We assume a straight-line relationship between a predictor \(x\) and a response \(y\): \[ y_i = \beta_0 + \beta_1 x_i + \varepsilon_i \]

Where: - \(\beta_0\): intercept (value of y when x = 0) - \(\beta_1\): slope (change in y per 1 unit x) - \(\varepsilon_i\): random error (unexplained stuff)

The best-fit line minimizes the squared differences between actual and predicted values.

Model Assumptions

For linear regression to be valid, we assume:

  1. Linearity – relationship between x and y is straight.
  2. Independence – each data point is independent.
  3. Equal variance – residuals have similar spread.
  4. Normality – residuals are roughly normal.
  5. No big outliers – nothing extreme pulling the line.

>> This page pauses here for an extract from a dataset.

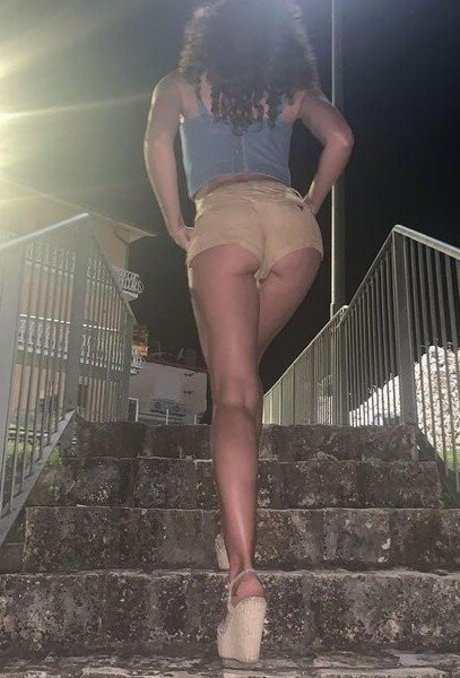 Sara Quattrociocche porno top foto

If these don’t hold, results may be off.

Fitting the Model in R

library(tidyverse)
library(ggplot2)

data(mtcars)
df <- mtcars %>% transmute(mpg = mpg, wt = wt)
fit <- lm(mpg ~ wt, data = df)
summary(fit)
## 
## Call:
## lm(formula = mpg ~ wt, data = df)
## 
## Residuals:
##     Min      1Q  Median      3Q     Max 
## -4.5432 -2.3647 -0.1252  1.4096  6.8727 
## 
## Coefficients:
##             Estimate Std. Error t value Pr(>|t|)    
## (Intercept)  37.2851     1.8776  19.858  < 2e-16 ***
## wt           -5.3445     0.5591  -9.559 1.29e-10 ***
## ---
## Signif. codes:  0 '***' 0.001 '**' 0.01 '*' 0.05 '.' 0.1 ' ' 1
## 
## Residual standard error: 3.046 on 30 degrees of freedom
## Multiple R-squared:  0.7528, Adjusted R-squared:  0.7446 
## F-statistic: 91.38 on 1 and 30 DF,  p-value: 1.294e-10

The Regression Line

How Good is the Fit? (R²)

The R² value tells how much of the variation in y is explained by x: \[ R^2 = 1 - \frac{SSE}{SST} \]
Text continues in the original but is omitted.